■ Assignment ■
Quote every line below exactly and skip any picture.

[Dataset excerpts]
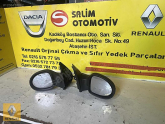 Oto Çıkma Parça / Renault / Symbol / Ayna / Sağ Dış Ayna / Çıkma Parça 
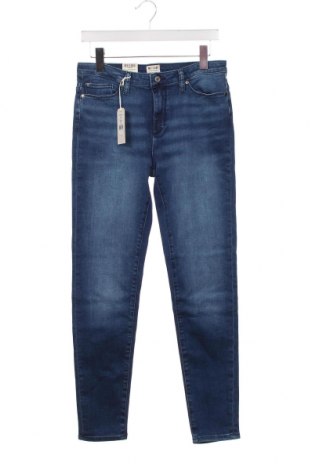 Herren Jeans Mustang, Größe S, Farbe Blau, Preis 19,18 €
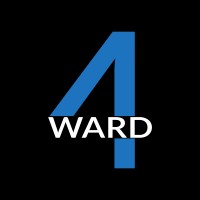 Team 4ward logo - Similar company to Valuechecker.Ai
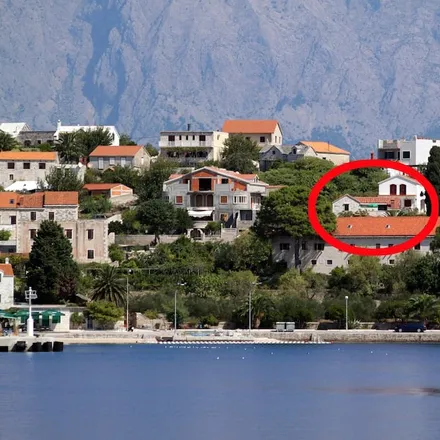 Image 4 - 21426 Sumartin, Croatia - Apartment for rent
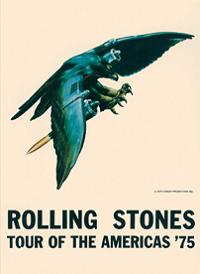 The Rolling Stones Tour Of The Americas '75 Apocalypse Sound DVD
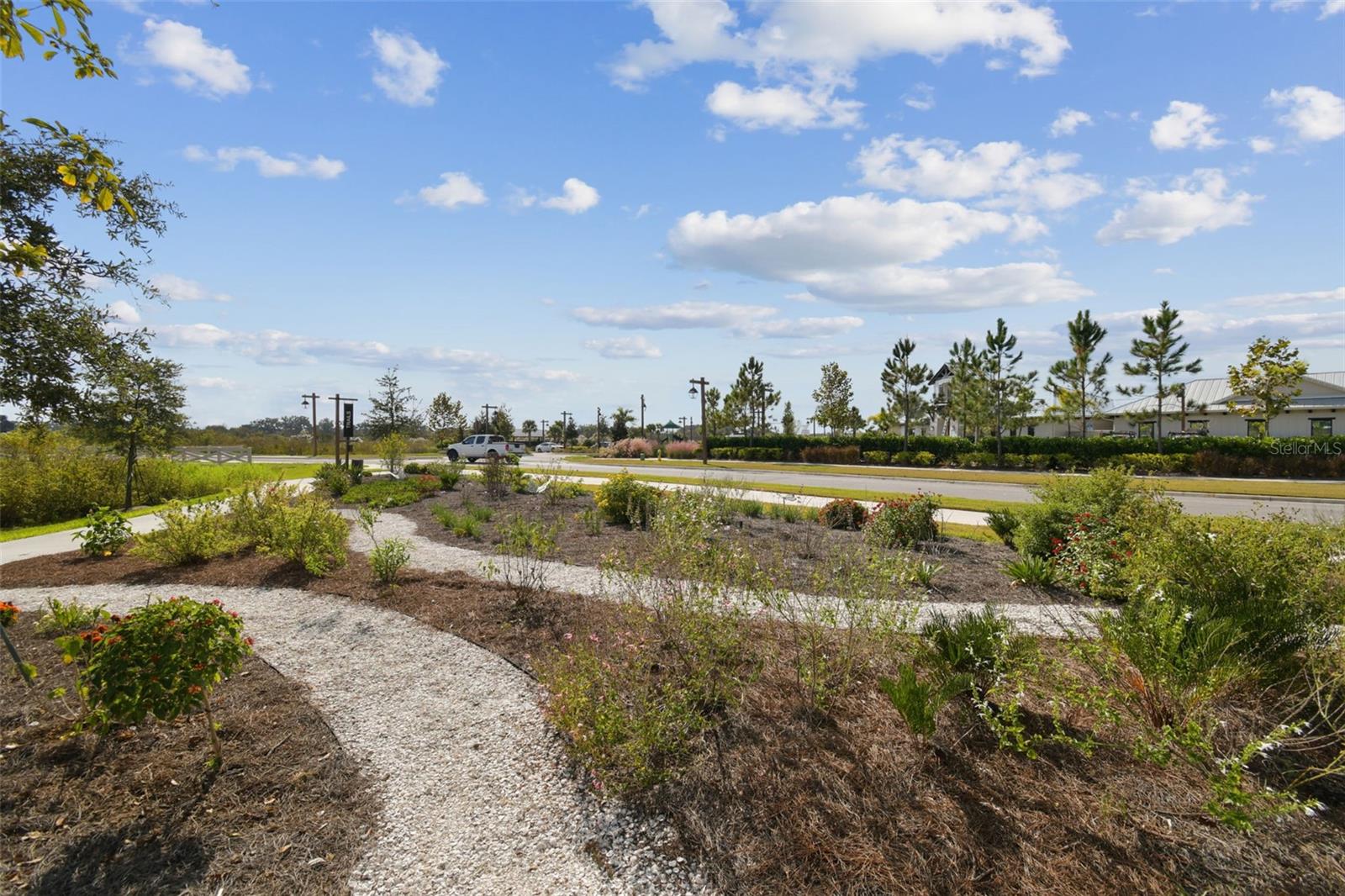 FARM AT VARREA - Residential Lease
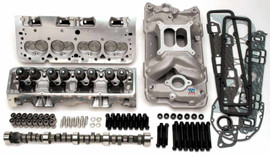 SBC Power Package Top End Kit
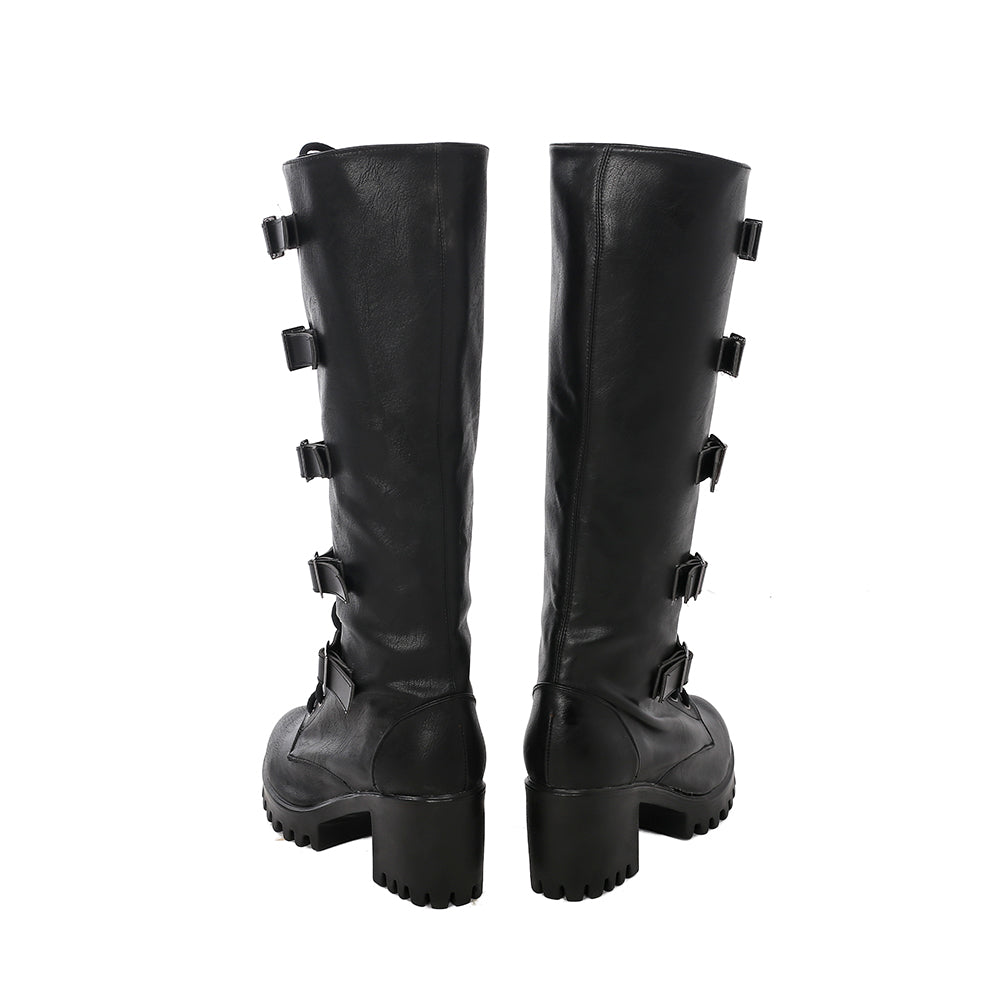 Underworld Blood Wars Death Dealer Selene Cosplay Costume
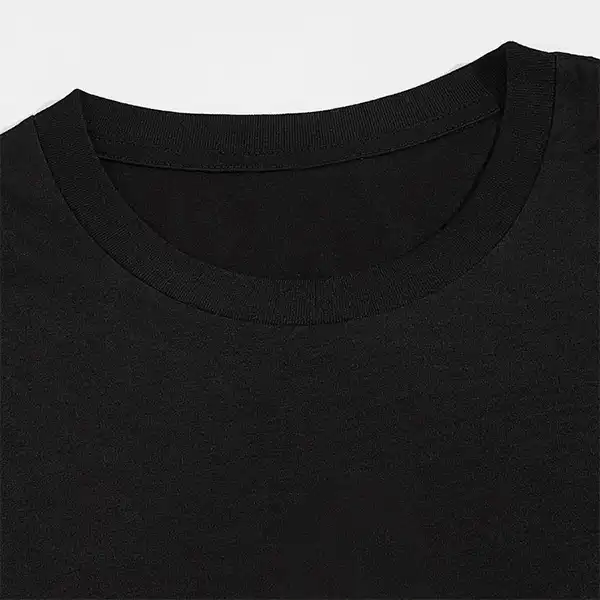 تی شرت آستین کوتاه مردانه مدل زامبی ذهن سرد کد z257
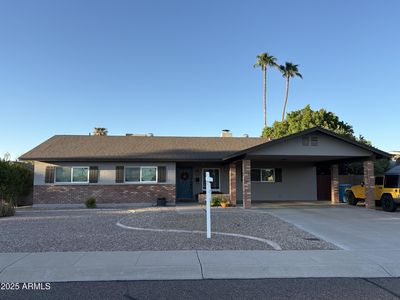 2902 E Corrine Dr, Phoenix, AZ, 85032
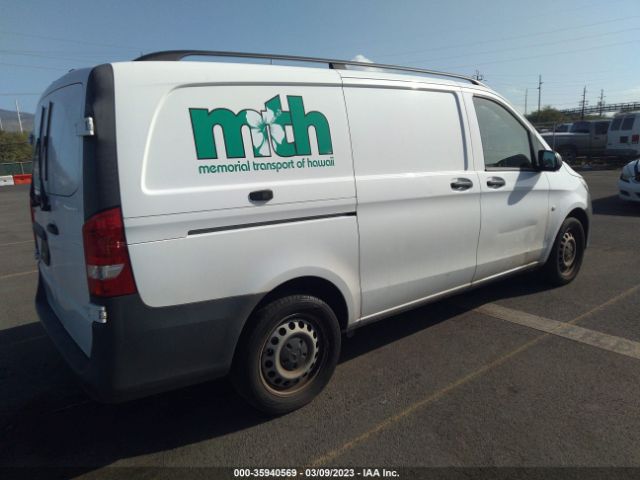 WD3PG2EA6K3608298 Mercedes-Benz METRIS CARGO VAN
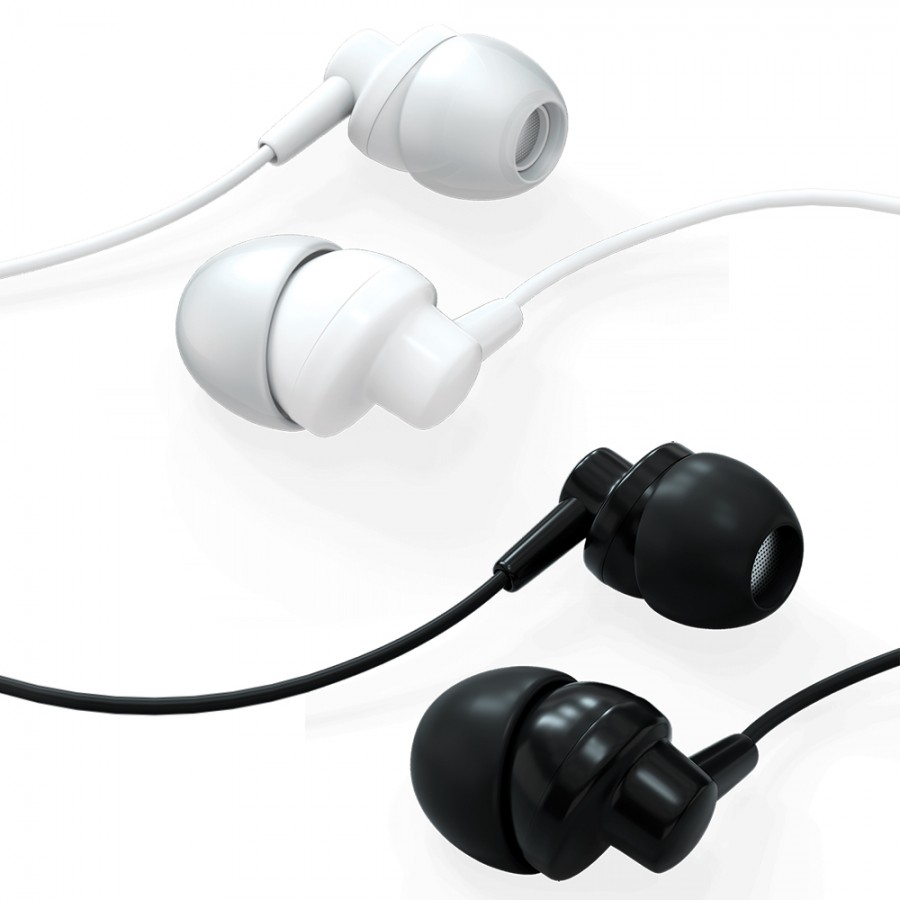 Syrox K13 Stereo Sound Handsfree Kulakiçi 3.5mm Kulaklık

■ Output for this task ■
 Oto Çıkma Parça / Renault / Symbol / Ayna / Sağ Dış Ayna / Çıkma Parça 
 Herren Jeans Mustang, Größe S, Farbe Blau, Preis 19,18 €
 Team 4ward logo - Similar company to Valuechecker.Ai
 Image 4 - 21426 Sumartin, Croatia - Apartment for rent
 The Rolling Stones Tour Of The Americas '75 Apocalypse Sound DVD
 FARM AT VARREA - Residential Lease
 SBC Power Package Top End Kit
 Underworld Blood Wars Death Dealer Selene Cosplay Costume
 تی شرت آستین کوتاه مردانه مدل زامبی ذهن سرد کد z257
 2902 E Corrine Dr, Phoenix, AZ, 85032
 WD3PG2EA6K3608298 Mercedes-Benz METRIS CARGO VAN
 Syrox K13 Stereo Sound Handsfree Kulakiçi 3.5mm Kulaklık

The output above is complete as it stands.